Goulu, le vocatif ? Oui. Il l’est en effet. Ce cas (en latin) se nourrit de toutes sortes d’images qui façonnent l’esprit du poète. Le fleuve et l’eau, les paysages bucoliques de Pieve di Soligo, la colline du Montello, les bois, les arbres, le monde, l’été, les foins de juillet… Les camarades défunts, la mère-enfant, absente présente dans une ode élégiaque où le poète l’évoque avec tendresse, lui parle, l’interroge, s’interroge. Une très belle ode :
« toujours il revient
ton fils, ô mère, par des routes
courbes, par d’infinis enveloppements… »
ou encore :
« la route s’engazonne et les larmes
se pressent dans mon regard. Ô maman. »
Et toujours revient dans les évocations/invocations, « le vert squameux du monde » — dans ses multiples variations — lequel accompagne le poète qui s’abîme dans son désarroi :
« je m’enterre en vertes physiques lenteurs. »
À des étudiants de Parme qui demandaient un jour (en 1980) à Andrea Zanzotto pourquoi la poésie contemporaine est souvent difficile à comprendre, le poète vénitien répondit par une métaphore :
« Il existe une compréhension qui se fait de manière immédiate, celle que l’on peut avoir à la lecture d’un journal et, pour un article de journal, c’est indispensable. Il n’en est pas ainsi pour la poésie, parce qu’elle se transmet par des impulsions souterraines, phoniques, rythmiques… Pensez au fil de l’ampoule électrique qui nous envoie la lumière, le message lumineux, grâce justement à la résistance du support. Si je dois transmettre du courant à longue distance, j’utilise des fils électriques très épais, et le courant passe et arrive à destination sans déperdition. En revanche, si j’utilise des fils électriques d’un tout petit diamètre, le courant a du mal à passer, il force et génère un phénomène nouveau, la lumière ou la couleur. C’est ce qui se produit dans la communication poétique, dans laquelle c’est la langue qui constitue le support.

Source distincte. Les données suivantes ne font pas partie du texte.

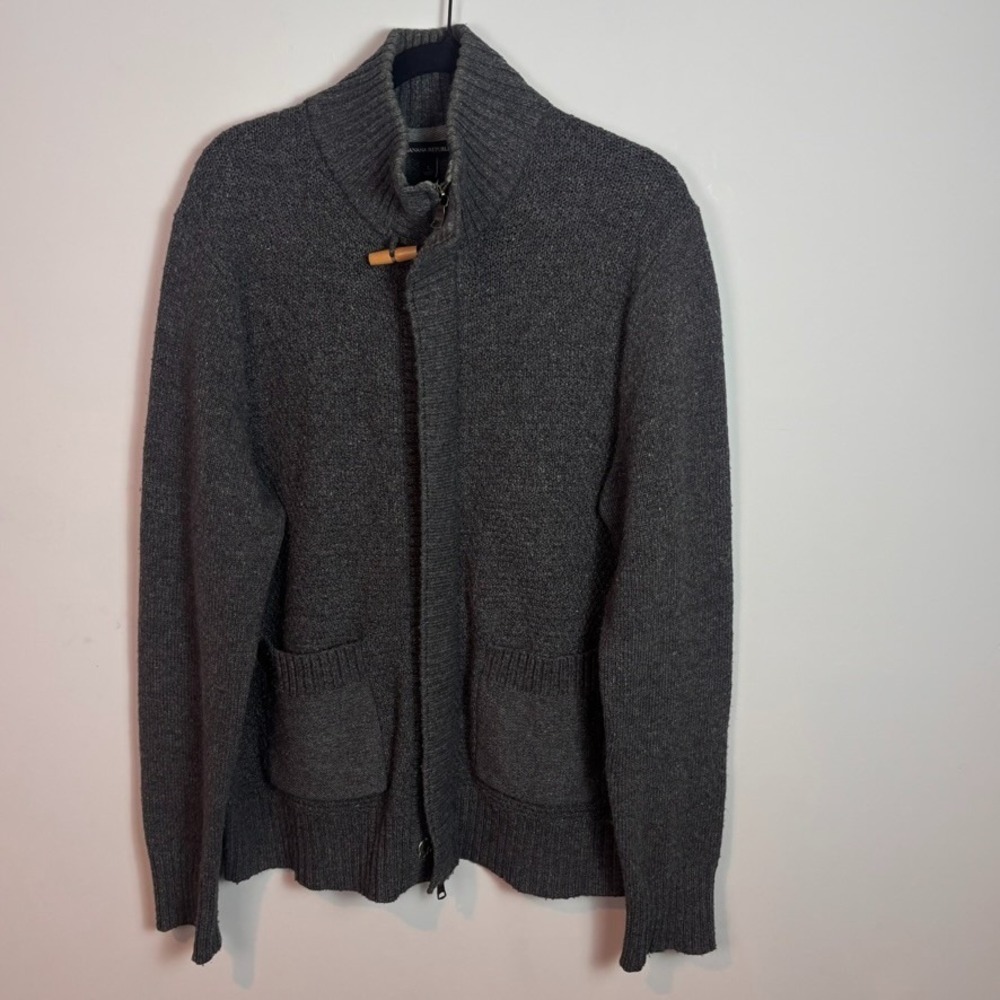 Banana Republic Mens Grey Full Zip Wool Blend Mock Neck Chunky Knit sweater sz L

Le fait de densifier de manière excessive les signifiés, les motifs, de surcharger les informations, tout cela peut provoquer un « court-circuit », une obscurité, non par défaut mais par excès. » (Traduction inédite AP)

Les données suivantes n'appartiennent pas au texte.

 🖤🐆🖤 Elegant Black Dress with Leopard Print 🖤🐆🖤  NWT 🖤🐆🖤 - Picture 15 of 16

Pour le poète Eugenio Montale, la « poésie très cultivée » de Zanzotto est celle d’un « poète percussif mais non bruyant : son métronome est peut-être le battement du cœur. » À l’instar du poète russe Vélimir Khlebnikov (que Montale regrette de ne pouvoir lire dans sa langue), Andrea Zanzotto « creuse dans le langage comme une taupe. » Tout pareillement à Philippe Di Meo, traducteur en langue française quasi exclusif du poète Zanzotto, qui offre ici, dans ce nouveau volume des œuvres du grand poète vénitien, une traduction fouillée. Exemplaire. Admirable en tous points.